Ausgerechnet Ali Laarayedh ist der neue designierte Ministerpräsident. Die Ermordung von Chokri Belaïd, der die regierenden Islamisten scharf kritisiert hatte, am 6. Februar hatte eine politische Schockwelle in Tunesien ausgelöst, deren Folgen knapp drei Wochen später noch immer unüberschaubar sind. Der islamistische Ministerpräsident Hamadi Jebali hatte, um das Abgleiten des Landes »ins Chaos« zu vermeiden, wie er später sagte, am Abend des Mordtags die Bildung einer Technokratenregierung angekündigt, ein Vorschlag, der von der eher säkularen Opposition weithin begrüßt wurde. Aber Jebali scheiterte mit deren Bildung, vor allem, weil sich seine eigene Partei dem Vorschlag widersetzte und mit einer Demonstration am Samstag vorvergangener Woche die »Legitimität« der Übergangsregierung unterstreichen wollte. Doch obwohl aus dem ganzen Land Anhänger al-Nahdas nach Tunis gekarrt wurden, waren nach unterschiedlichen Angaben nur zwischen 10 000 bis 16 000 Personen auf der Straße. Das war nicht gerade ein überzeugende Machtdemonstration angesichts der Zehn-, wenn nicht Hunderttausenden, die tags zuvor bei der Beerdigung Chokri Belaïds die Straßen Tunesiens überschwemmt hatten. Mitte voriger Woche, nachdem die Idee einer Technokratenregierung gescheitert, trat Jebali zurück. Der Rat der Choura seiner Partei, der von den Anhängern von Rachid Ghannouchi beherrscht wird, präsentierte dem Übergangspräsidenten Moncef Marzouki einen neuen Ministerpräsidenten in spe, der 14 Tage Zeit hat, um eine neue Regierung zusammenzustellen – Ali Laarayedh.

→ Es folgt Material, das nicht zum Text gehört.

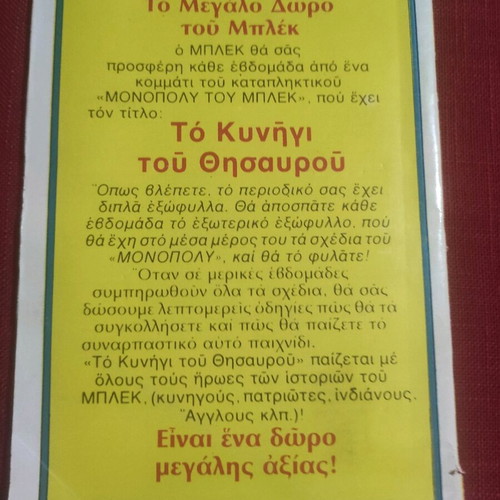 Dikaios Issue 24 1976 Operation Poseidon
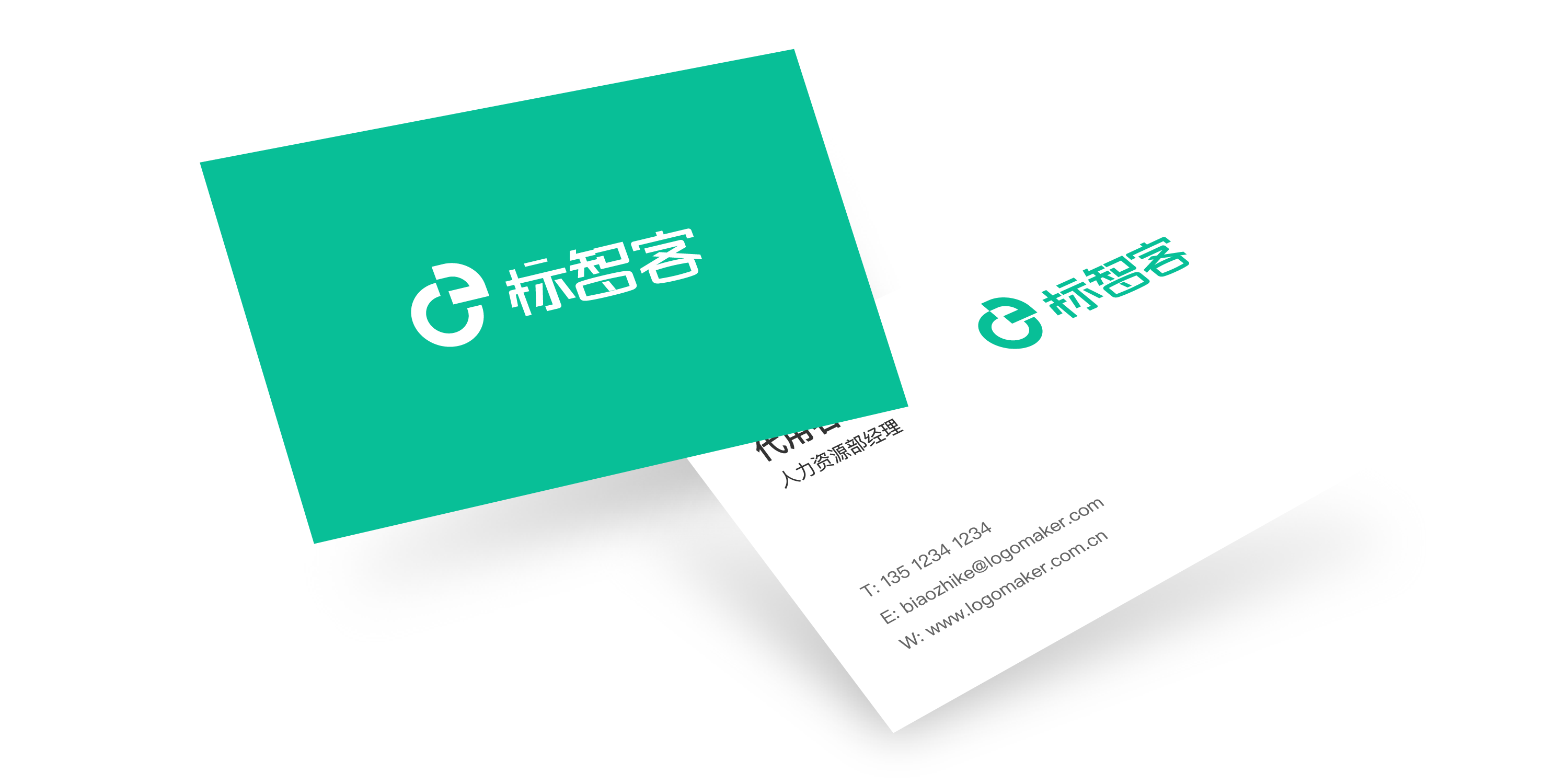超乎想象Ai一鍵在線生成名片設計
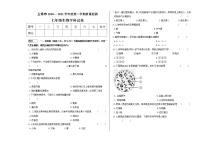 黑龙江省哈尔滨市五常市2020-2021学年七年级下学期期末考试生物试题（word版 含答案）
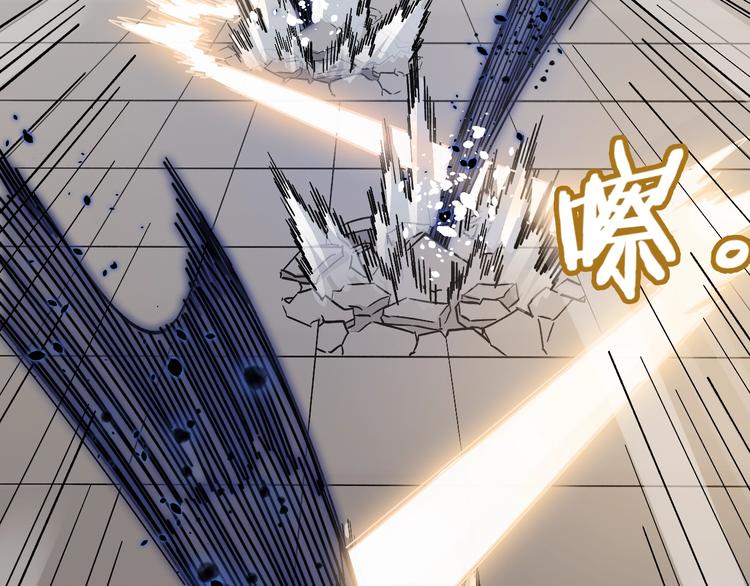 《女儿都是天降系》第33话 你会不会喊666？ 第42页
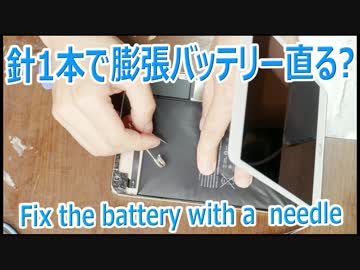 膨張したiphoneやipadのバッテリーは針一本で直る？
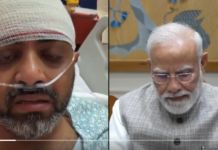पीएम मोदी ने कैप्टन स्मित माछर से फोन पर की बात, बहादुरी को किया सलाम PM Modi Smit Machchhar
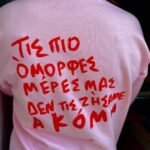 Φούτερ - ΟΜΟΡΦΕΣ ΜΕΡΕΣ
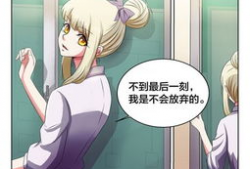 免费漫画完结,精彩篇章完美落幕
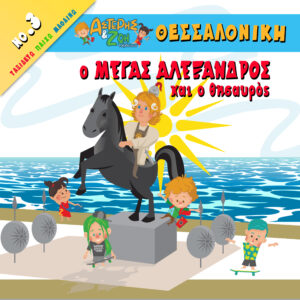 Παραμύθι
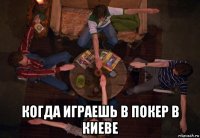  когда играешь в покер в киеве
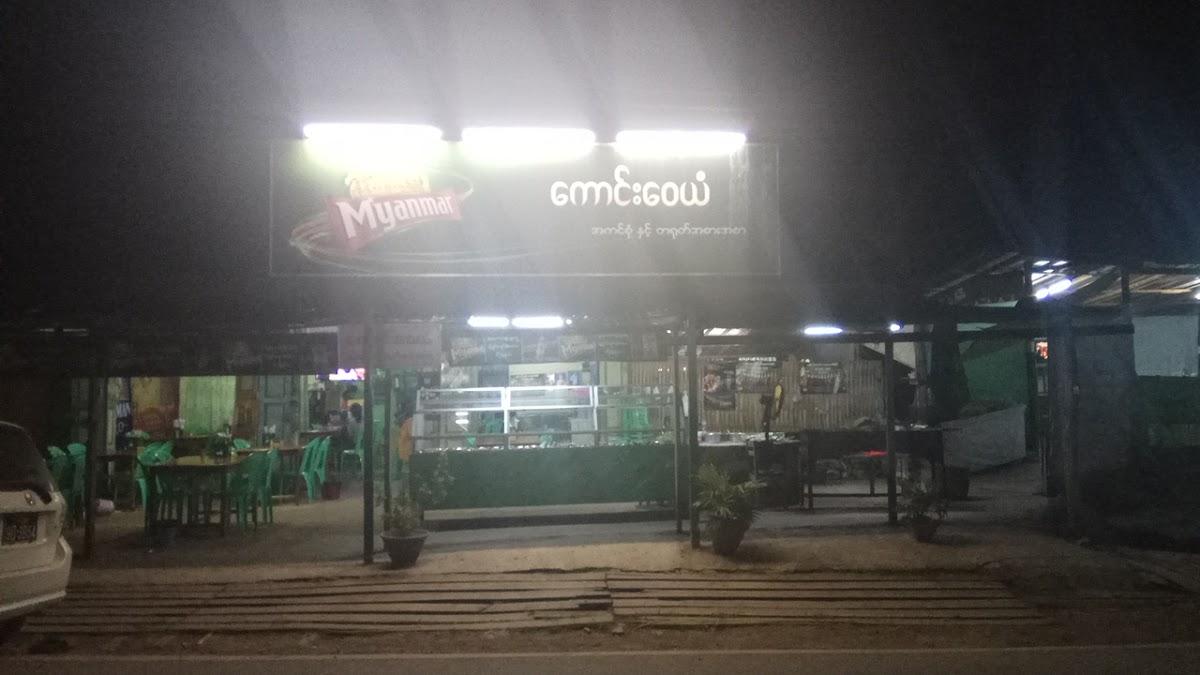 KaungWaiYan Restaurant
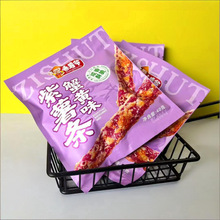 з�Sζ����l������Ƭ����ը�عϗl�����ɵع��k������ʳ�����С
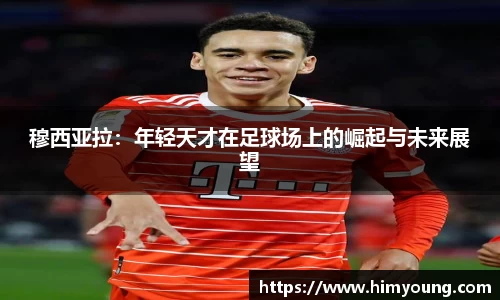 金年会金字招牌
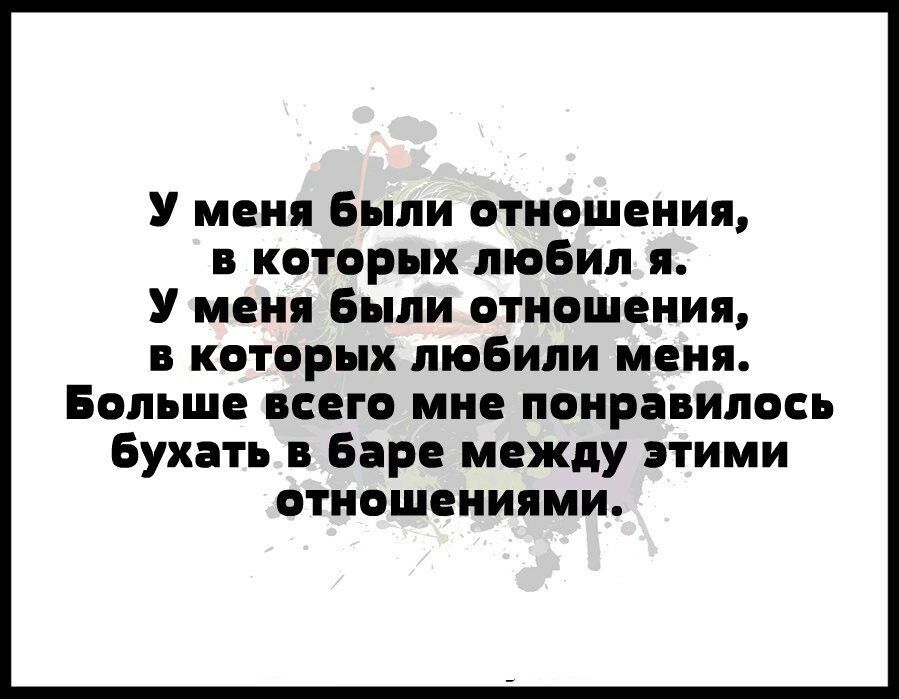 У меня Были отношения в которых мобил и У меня Были отношения в которых любили меня Больше всего мне понравилось Бухать Боро между этими отношениями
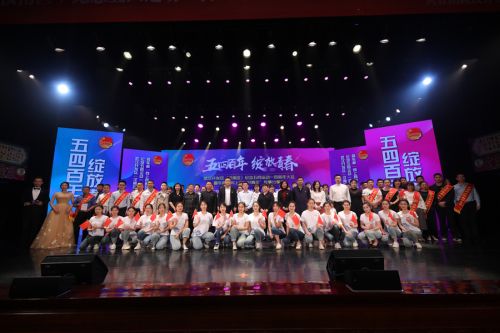全區(qū)紀(jì)念五四運(yùn)動一百周年大會暨車都“向上向善好青年”故事分享會召開 我公司獲多項(xiàng)榮譽(yù)(圖1)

Dieser, der unter Ben Ali im Jahr 1987 verhaftet, zum Tode verurteilt, dann begnadigt, später erneut verhaftet und gefoltert wurde und schließlich 14 Jahre im Gefängnis saß, ist nicht gerade ein Kompromisskandidat. Die Opposition kritisiert ihn für das harte Vorgehen der Pollizei gegen die große säkulare Demonstration am 9. April vergangenen Jahres, dem »schwarzen Tag für die Demonstrationsfreiheit« in Tunesien; eine Kommission, die eingerichtet wurde, um die Vorfälle zu untersuchen, hat bis heute nichts zustande gebracht. Insbesondere kritisiert die Opposition auch Laarayedhs »lasche Haltung« gegenüber den Salafisten, denen er bis zur Attacke auf die amerikanische Botschaft im September vergangenen Jahres bei ihren Angriffen auf Künstler, Journalisten, Frauen und Oppositionelle weitgehend freie Hand gelassen habe. Im Oktober ließ er anlässlich eines Generalstreiks in Siliana die Polizei mit Schrot auf Demonstranten schießen, insgesamt wurden bei den Auseinandersetzungen mehr als 250 Menschen verletzt.

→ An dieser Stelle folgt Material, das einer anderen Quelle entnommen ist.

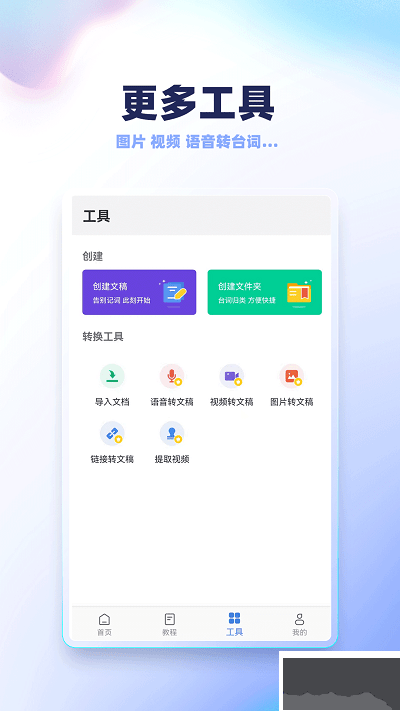 天影提詞器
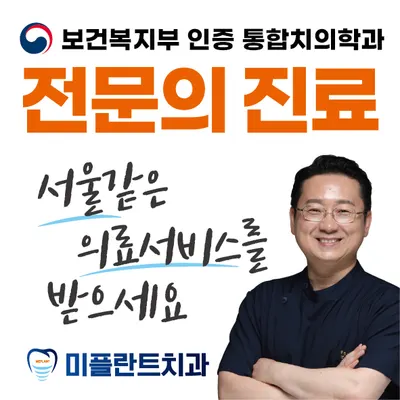 영주미플란트치과의원 — 업체가 네이버 플레이스에 올린 사진 1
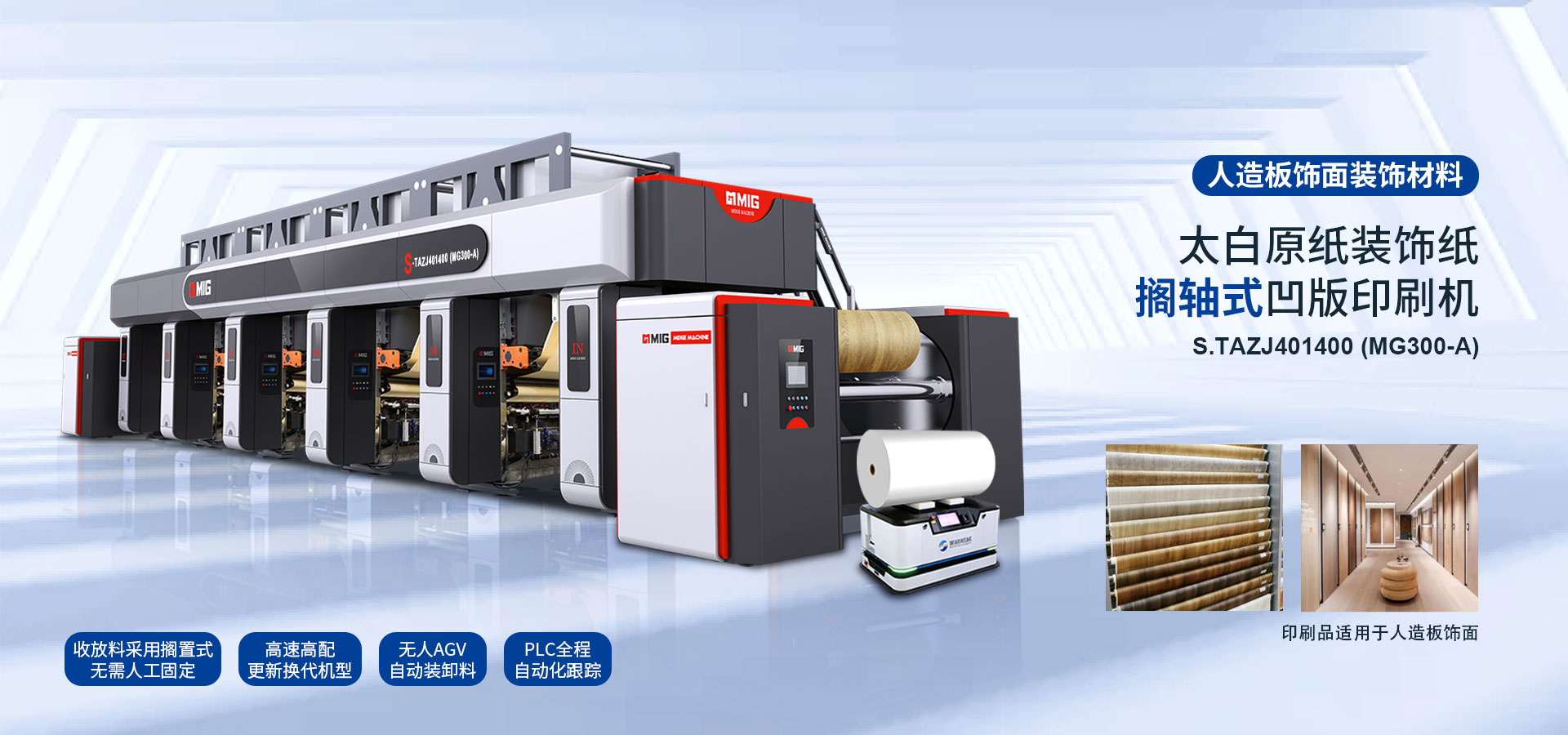 浙江美格机械股份有限公司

Wie Laarayedh unter diesen Bedingungen eine »Regierung für alle Tunesier« zustande bringen will, wie er sie vorige Woche versprach, steht in den Sternen. Seit acht Monaten ist eine Regierungsumbildung angekündigt, die bereits unter Jebali nicht erfolgte, vor allem, weil sich al-Nahda weigerte, die von ihr gehaltenen Schlüsselministerien preiszugeben.

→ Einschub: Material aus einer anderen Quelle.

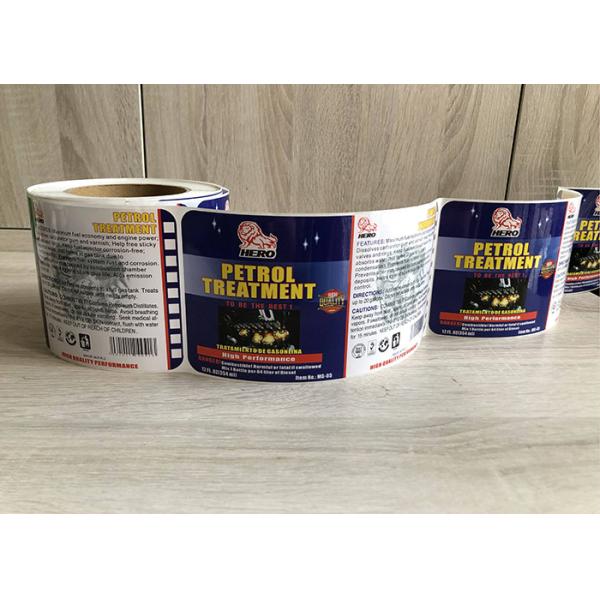 Glossy self-adhesive paper packaging sticker label manufacturer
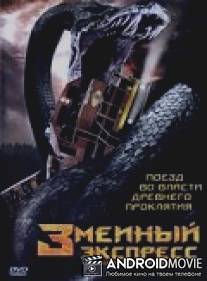 Змеиный экспресс / Snakes on a Train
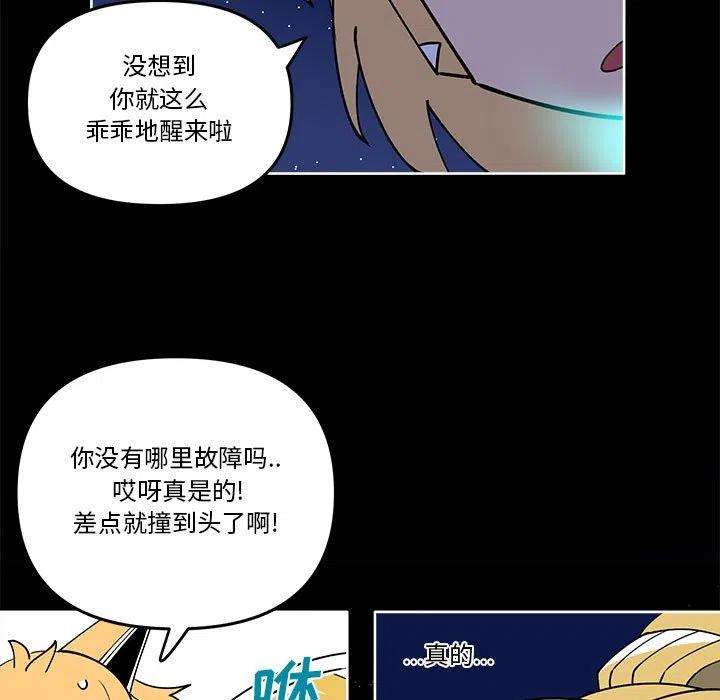 钢铁机械新娘63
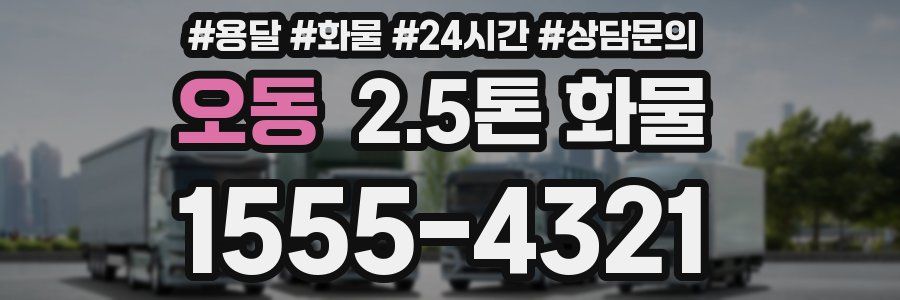 오동 2.5톤 화물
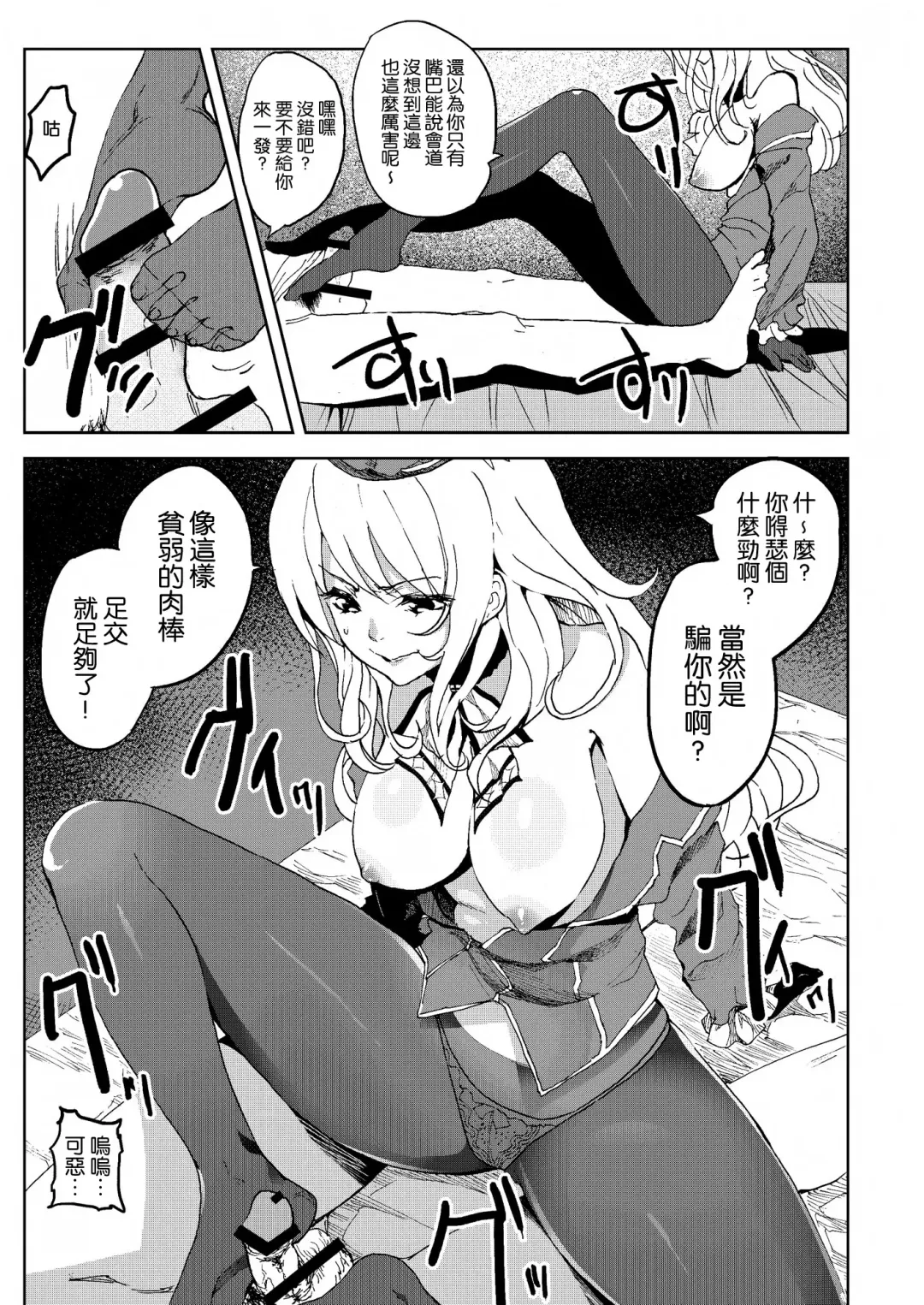 [Herokey] Heisei Shigoki Kassen Panpaka Fhentai - Page 9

Wer hat Chokri Belaïd getötet? Vielleicht kann Laarayedh sich auf die Fahnen schreiben, dass die Ermittlungen zu einem ersten Ergebnis kamen. Die zweite Frage aber, die die Witwe des Ermordeten aufwirft, ist mindestens ebenso wichtig: Wer waren die Auftraggeber des Anschlags? Wenig deutet derzeit darauf hin, dass diese Frage von den tunesischen Behörden klar beantwortet werden wird.